TASK OBJECTIVE:
Before you return the lines below, strip out any images and keep every word as written.

-------------------------

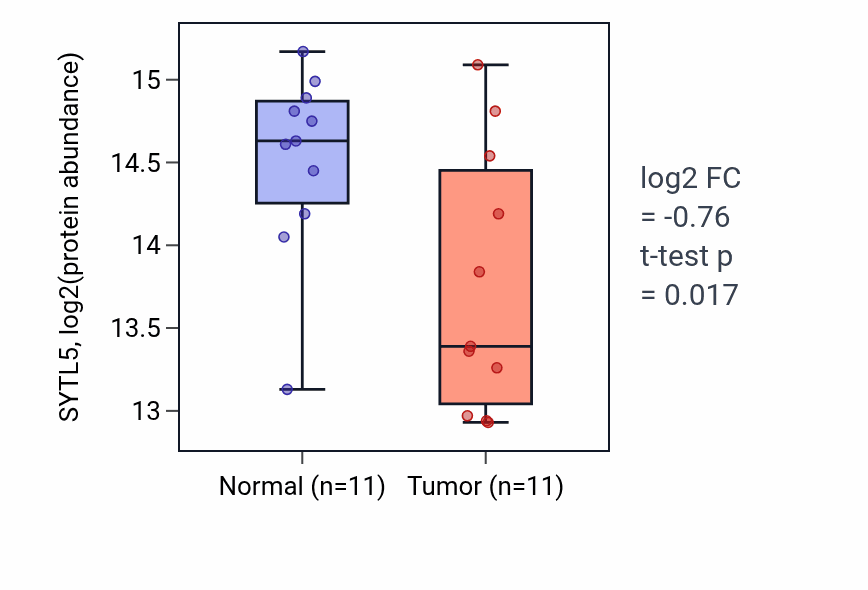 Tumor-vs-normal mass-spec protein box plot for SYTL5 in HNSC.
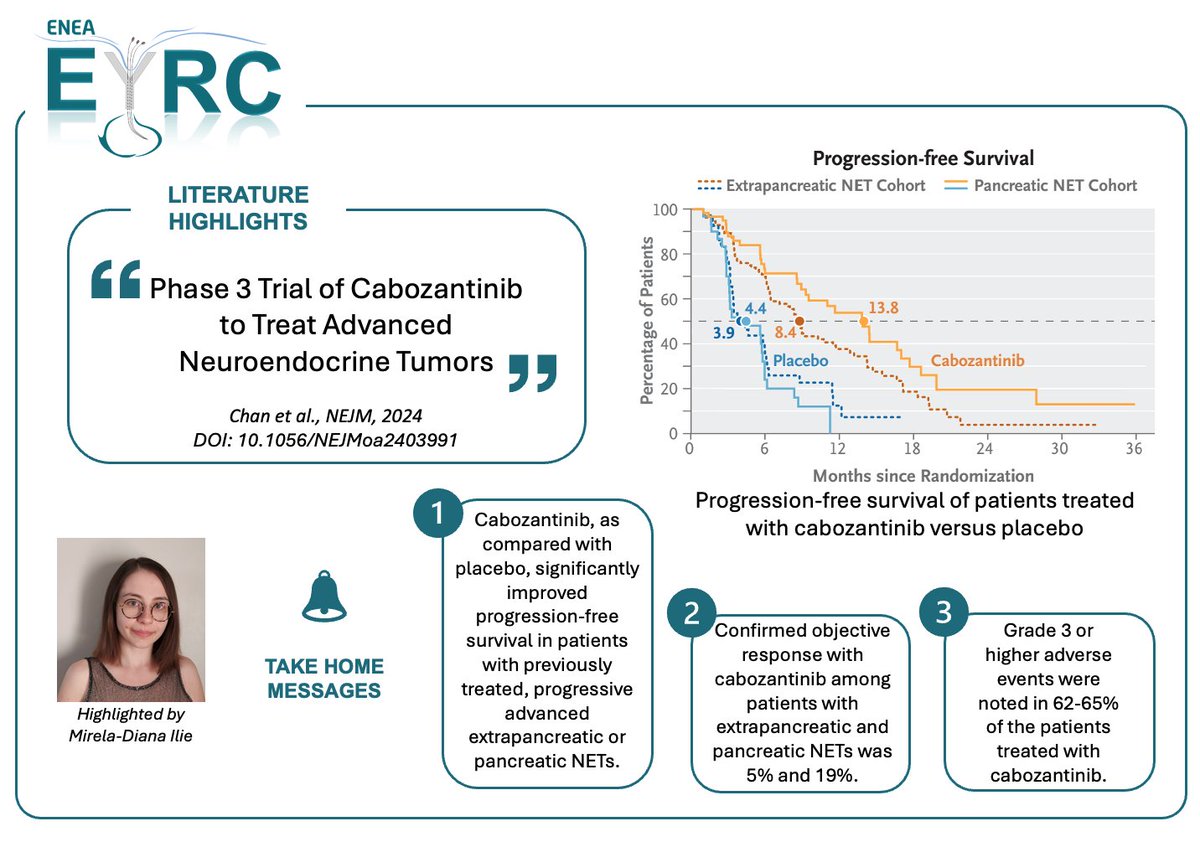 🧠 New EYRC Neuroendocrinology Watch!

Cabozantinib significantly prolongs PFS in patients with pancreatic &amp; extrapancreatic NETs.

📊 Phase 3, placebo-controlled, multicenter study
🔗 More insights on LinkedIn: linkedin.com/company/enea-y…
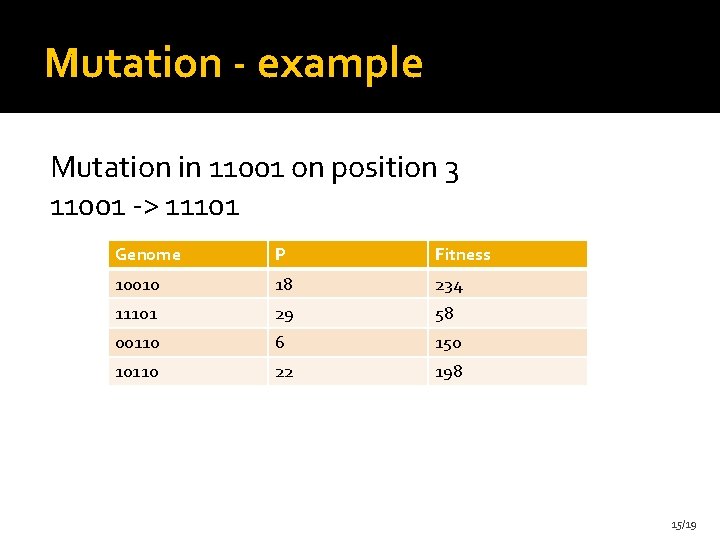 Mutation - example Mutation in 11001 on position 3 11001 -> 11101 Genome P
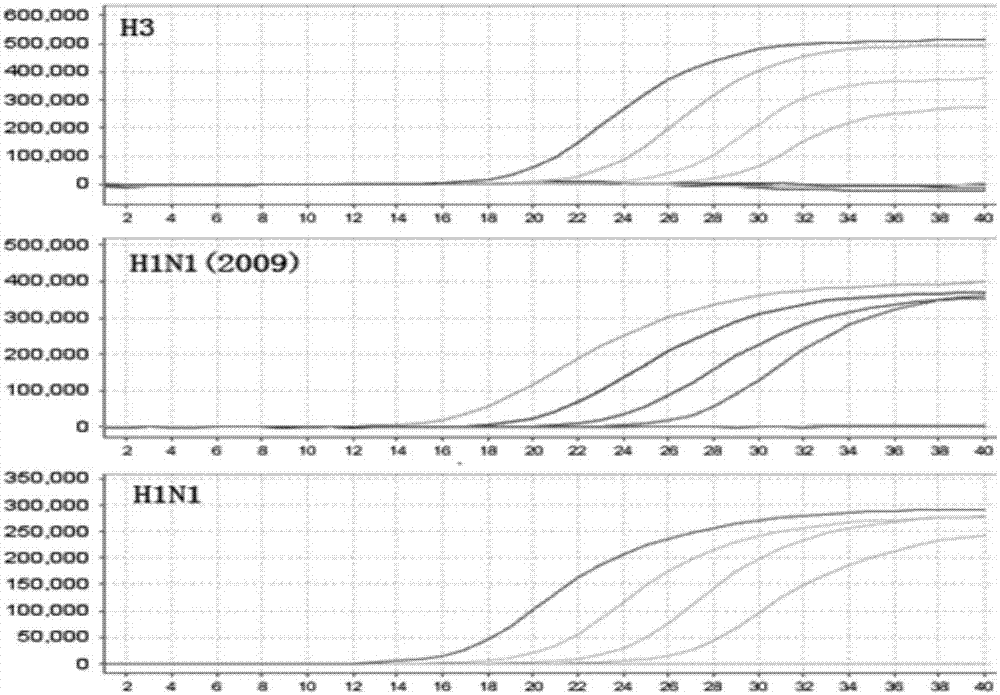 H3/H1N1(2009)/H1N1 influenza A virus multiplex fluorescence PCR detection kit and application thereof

-------------------------

TASK ANSWER:
 Tumor-vs-normal mass-spec protein box plot for SYTL5 in HNSC.
 🧠 New EYRC Neuroendocrinology Watch!

Cabozantinib significantly prolongs PFS in patients with pancreatic &amp; extrapancreatic NETs.

📊 Phase 3, placebo-controlled, multicenter study
🔗 More insights on LinkedIn: linkedin.com/company/enea-y…
 Mutation - example Mutation in 11001 on position 3 11001 -> 11101 Genome P
 H3/H1N1(2009)/H1N1 influenza A virus multiplex fluorescence PCR detection kit and application thereof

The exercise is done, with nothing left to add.